Для России же фрагментация экономики СССР означала разрыв многих связей и паралич хозяйственных процессов. Приватизация зачастую отдавала предприятия в руки прежних руководителей, которые, не веря объявленным стратегическим целям и перспективам рыночной экономики, распродавали фонды. При выходе на ставший конкурентным российский рынок многие производства обнаруживали неконкурентоспособность своей продукции. Наконец – и это самое главное, – российские реформаторы отчасти сознательно, отчасти по своему политическому инстинкту постарались разрушить доминирующую ориентацию советской экономики – ее направленность на цели, которые назывались «оборонными». Начинавшие реформу «демократы» считали ВПК становым хребтом советско-коммунистического строя, который следовало разрушить, чтобы этот строй не возродился [1]. Перестали работать огромные предприятия – порой главные наниматели в средних и малых городах, поселках. Мир вздохнул свободно, потому что кончилась «холодная война», ушла угроза войны мировой, термоядерной, но для десятков миллионов россиян та же ситуация обернулась безработицей, потерей жизненных перспектив, бедностью и голодом.

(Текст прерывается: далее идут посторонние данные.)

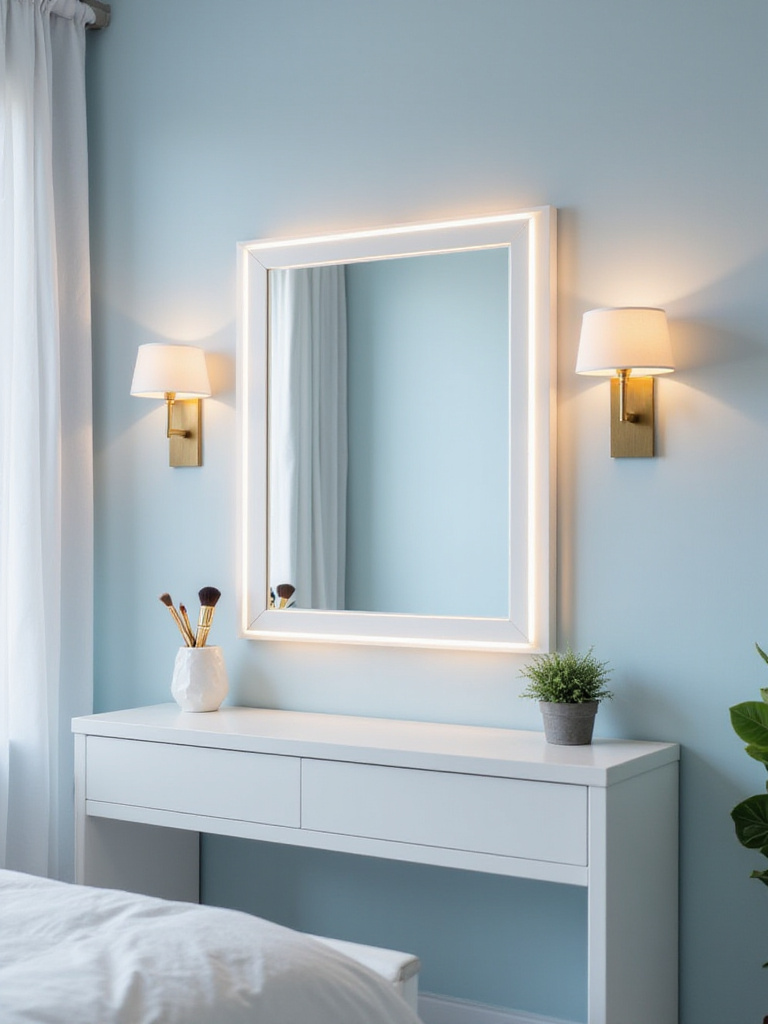 Modern bedroom vanity area with LED mirror and sconce lighting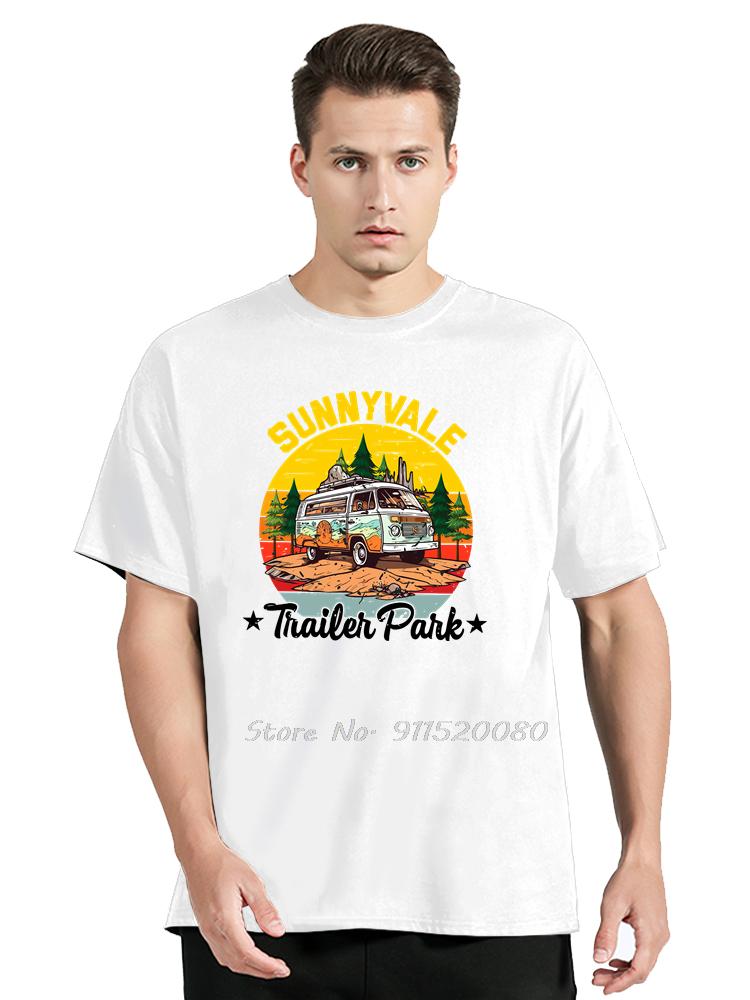 Camping Lovers Oversized Tshirt Retro Sunnyvale Trailer Park Outdoors Adventure Cotton Tshirt Unisexs Clothing Unisex Tops Tees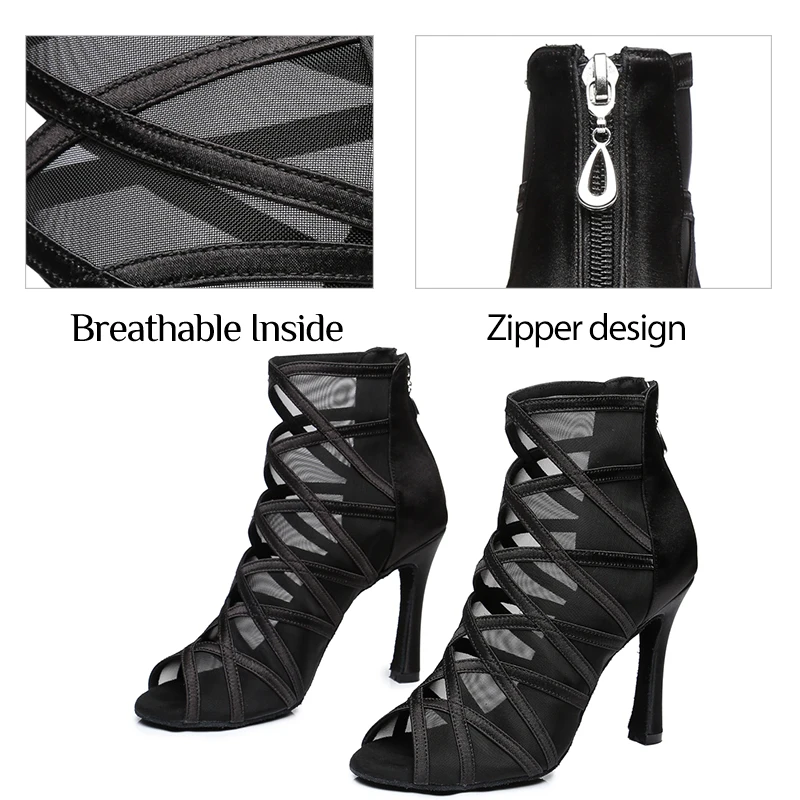 DKZSYIM Woman Ankle Dance Boots Black Ballroom Latin Dance Shoes Salsa Tango Dancing Shoes Girls High Top Dance Boots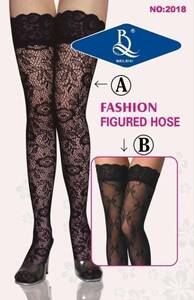  garter stockings black floral print [....4 point .3980 jpy ] combining free ST2018A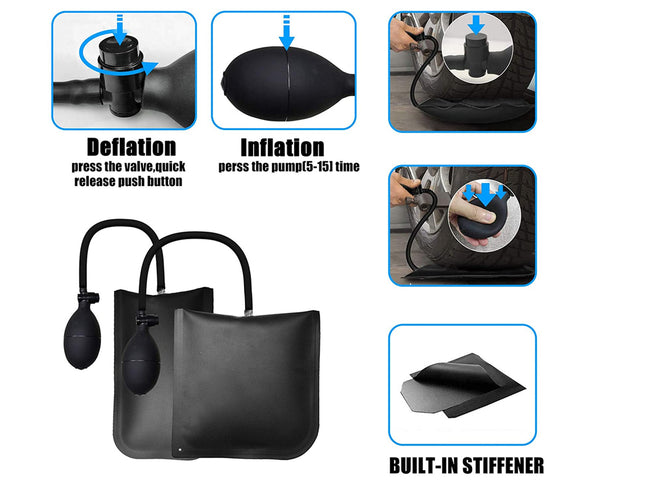 Black tire pressure pump set with a hand pump bulb, carrying handle, and built-in stiffer section, shown alongside instructional panels for deflation and inflation.
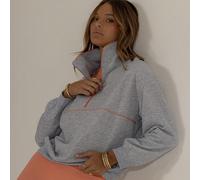 Felpa in pile con mezza chiusura lampo e profili a contrasto, perfetta per l'estate, l'inverno e l'aeroporto per le donne L,M,S,XL,XSBlocchi di colore,A strisceTessuto in maglia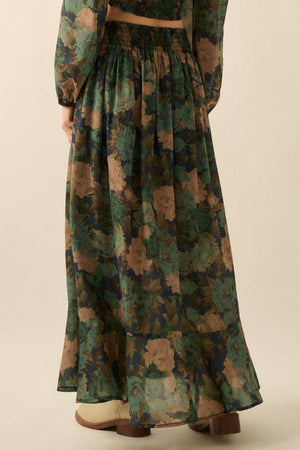Floral-Print Drawstring Button-Front Maxi Skirt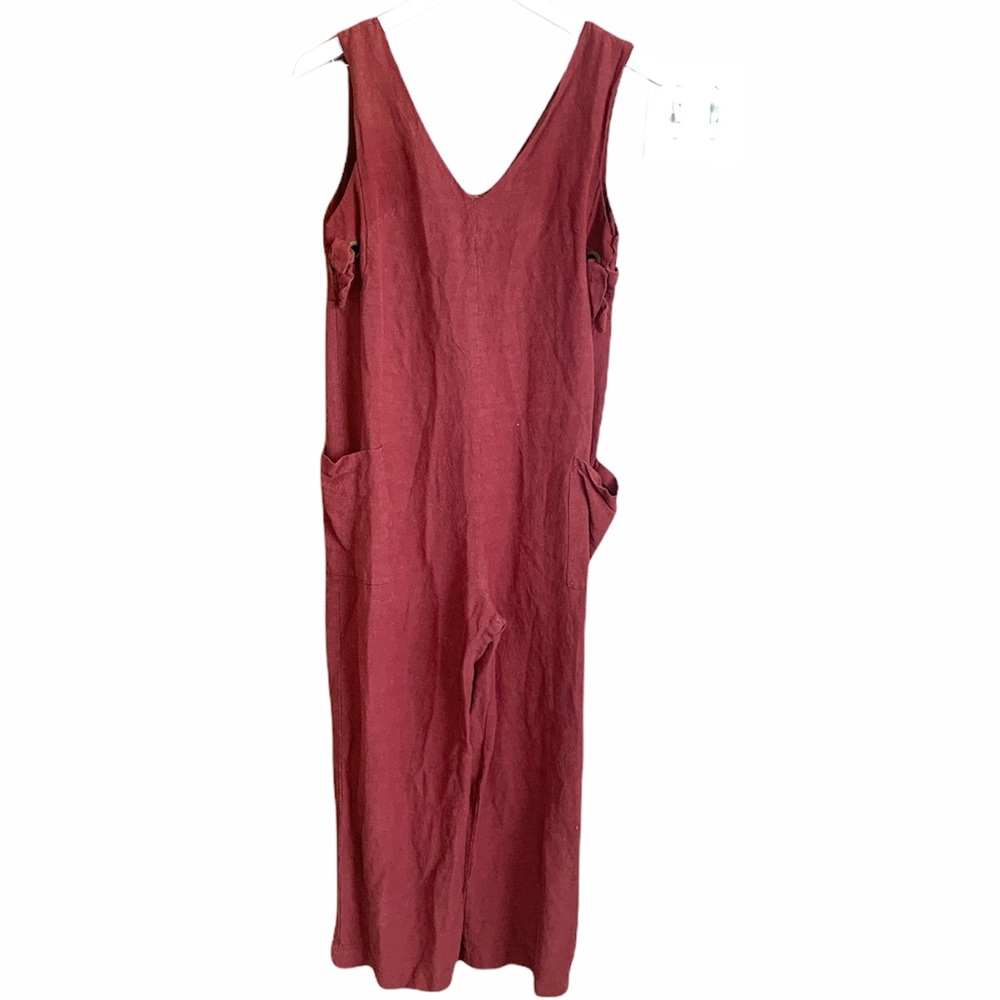 Bohme Utility Rust Red Linen Cropped Jumpsuit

Потому конец 1980-х («апрель!», перестройка, гласность), победа в августе 1991-го у Белого дома – наш контекст для европейских воспоминаний о «падении стены» – это драгоценная память для очень немногих. И это тягостная память для тех, для кого те же годы и те же вехи – это развал «великой страны», утрата позиций великой державы, бедность, разруха, потеря накопленного политического и социального капитала.
Немало нашлось у нас историков, кто посмеялся над Френсисом Фукуямой: никакого конца истории, мы ее продолжаем. Особенно много придало пылу этим авторам «историческое возвращение Крыма» в 2014 году. По прошествии пяти лет видим, куда действительно пошла историческая дорога России, а может быть, и всего мира. Действия российской стороны в Крыму, а затем на Донбассе показали, что с падением Берлинской стены история если не мира, то Европы не остановилась. Она пошла вспять.
Понятия «Запад» и «Восток», «геополитика», «национальные интересы» западной наукой были отнесены к той самой истории, которая, как казалось, кончилась. Но нашлись силы в России, живущей, как многие считают, в позапрошлом политическом веке, которые не дали истории остановиться, а этим схемам исчезнуть. Поэтому мы по-прежнему пользуемся понятиями «Запад» и «Восток». Поэтому мы можем легко переходить на «язык геополитики».
Российская империя потеряла часть своих владений в результате неудачного для нее участия в Первой мировой войне. В результате Второй мировой войны она многое приобрела, но в ходе последовавшей «холодной» ослабела и удерживать прежние владения уже не могла. Сперва «внешний пояс», а потом и бóльшая часть «внутреннего» от «империи» отпали. Тогда сменилась стратегия. Вместо того, чтобы окружать себя кольцом сателлитов, нынешняя Россия предпочитает держать вокруг себя неопасных врагов, создающих убедительную декорацию осажденной крепости. (В этом смысле она не-империя.) Особняком стояла Украина — самое крупное и проблемное звено в окружении России. Через 25 лет после падения Берлинской стены Украина сделала попытку уйти в том же направлении, что и ее западные соседи. Но к этому моменту Россия накопила достаточно сил или куража для того, чтобы нанести Украине урон, делающий ее уход на Запад практически невозможным. Хотя бы в этом месте кусок стены был восстановлен.
[1] Сегодня видно, что, являясь прежде всего экономистами, они видели преимущественно хозяйственно-экономические основы советского строя, а их лидер Борис Ельцин, будучи партработником, видел его основу только в лице партии. Они рушили те основы советского строя, которые им были видны и понятны, а ряд ключевых его институтов – таких, как армия, спецслужбы, прокуратура, суд, школа, высшая школа, – предоставили самим себе. Пережив кризисы, эти институты ожили. В той мере, в какой они восстановили себя, у нас и произошла реставрация советского, – что неоднократно отмечал Лев Гудков.